The NY AG is also racing against a time clock – which he points out in his Frontline interview – because of statute of limitations. Now if he tried to use civil RICO as a charge he could buy himself time.

The NY AG’s brag about coming up with a ‘platform case’, that shows this was a systemic problem, is a deviation to something former DOJ chief, Larry Thompson, put out in 2003 called the Thompson Memo. This memo told prosecutors how to negotiate with intuitions when deciding to sue or make plea deals in cases where their employees committed crimes. The heart of the directive was to find the individuals to charge criminally because by charging the whole bank, who has tons of employees who did NO harm, the effect of punitive justice is diminished by job and net worth loss to innocent people. Thompson was involved in the litigation that brought down Enron and saw Arthur Anderson destroyed as a result. The Thompson memo got watered down as new DOJ heads came in and I’d be scared to death to see what a Lanny Breuer (current head of DOJ criminal division) memo would look like.

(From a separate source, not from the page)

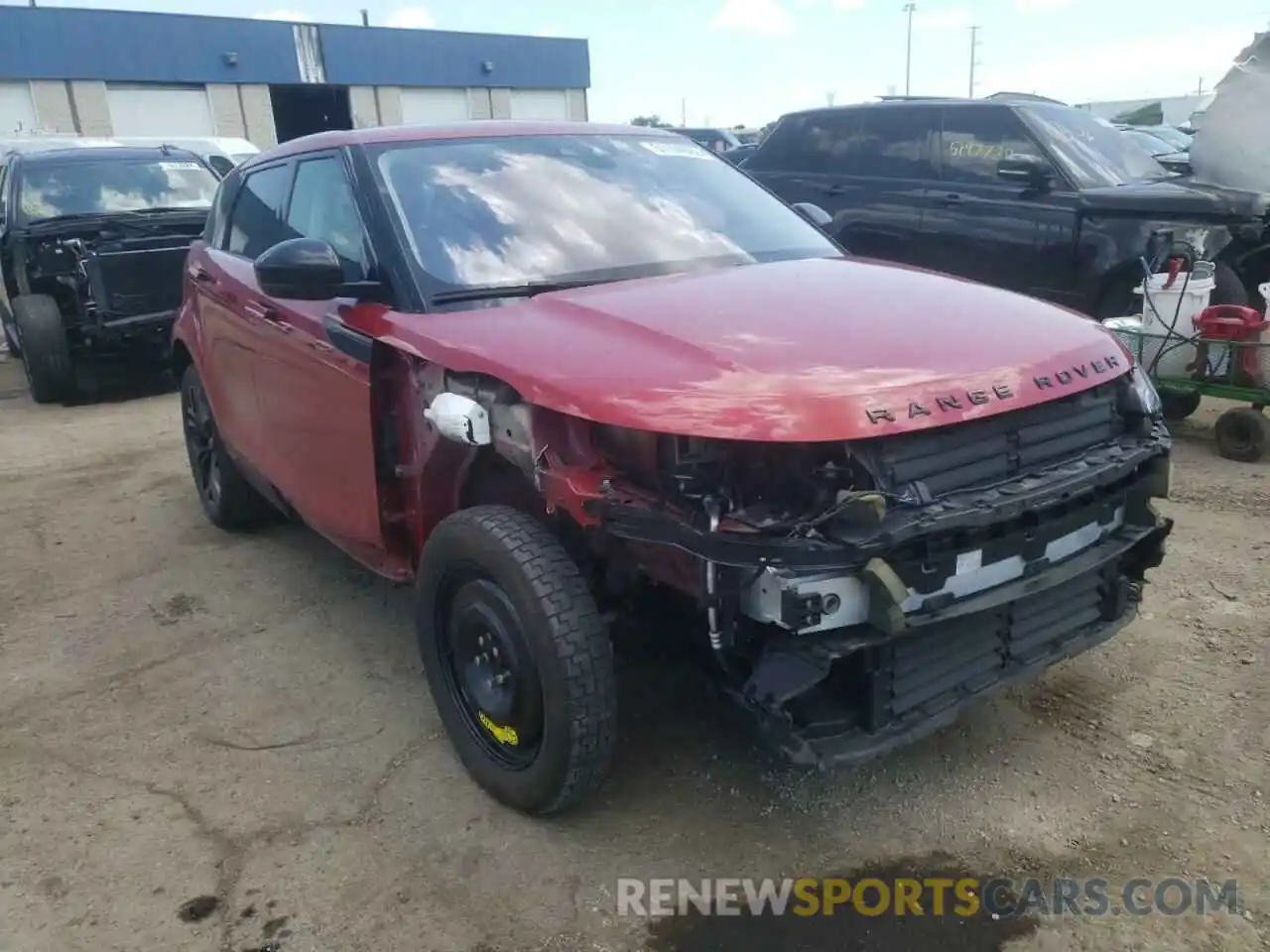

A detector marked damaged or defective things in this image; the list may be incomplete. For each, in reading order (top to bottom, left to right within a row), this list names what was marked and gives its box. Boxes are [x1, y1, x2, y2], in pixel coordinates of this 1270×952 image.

The take away from Smith’s Frontline film was: The American people still don’t have a good reason for not going after bankers individually for financial crimes. And the excuse Lanny Breuer gave about worrying if it would crack the US financial system is making people want to scream even louder about serious problems in the leaders of our Justice departments.

Martin Smith interviewed me about where Tom, Jeff, and Mike went after Bear Stearns (all have million jobs at other big bank institutions) but none of that material made it into the film. Likely because he’d need another half an hour just to show all the evidence against this crew of former Bear traders. Until the NY AG charges these men with a crime that could cost them jail time or sues them so they lose their securities license and personally bankrupts them – his platform case is another way of saying I haven’t used the unique powers my job enables me to do yet.